** Dataset extract follows **

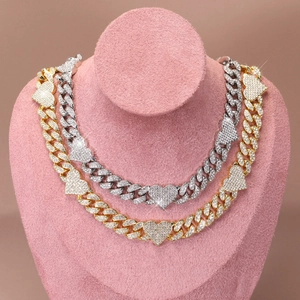 Close-up of gold and silver Cuban link necklaces with diamond-encrusted heart pendants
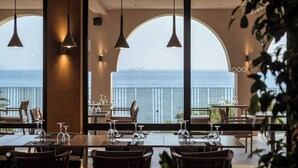Un restaurante con mesas preparadas para comer, amplias ventanas en arco y lámparas colgantes.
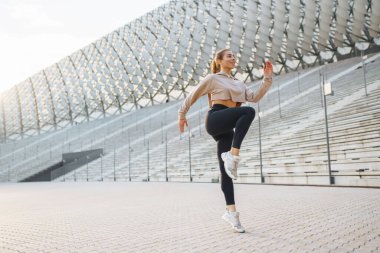 Sokakta koşmadan önce spor kıyafetleri giyen genç bir kadın ısınıyor. İnsanlar, spor, spor ve esneklik kavramı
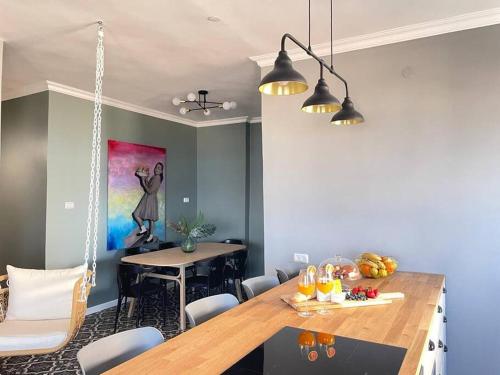 a dining room with a wooden table and a painting at APTER-Boutique Apartment אפטר - דירת בוטיק בכנרת in Tiberias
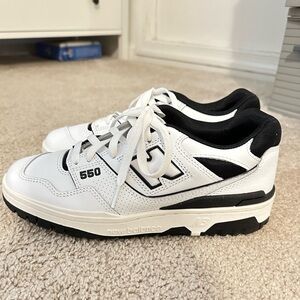 White with black New Balance 550s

** End of Dataset extract **

### [Action item]
Leave out the pictures, then return every line of the data exactly.

### [Answer to this task]
 Close-up of gold and silver Cuban link necklaces with diamond-encrusted heart pendants
Un restaurante con mesas preparadas para comer, amplias ventanas en arco y lámparas colgantes.
 Sokakta koşmadan önce spor kıyafetleri giyen genç bir kadın ısınıyor. İnsanlar, spor, spor ve esneklik kavramı
 a dining room with a wooden table and a painting at APTER-Boutique Apartment אפטר - דירת בוטיק בכנרת in Tiberias
 White with black New Balance 550s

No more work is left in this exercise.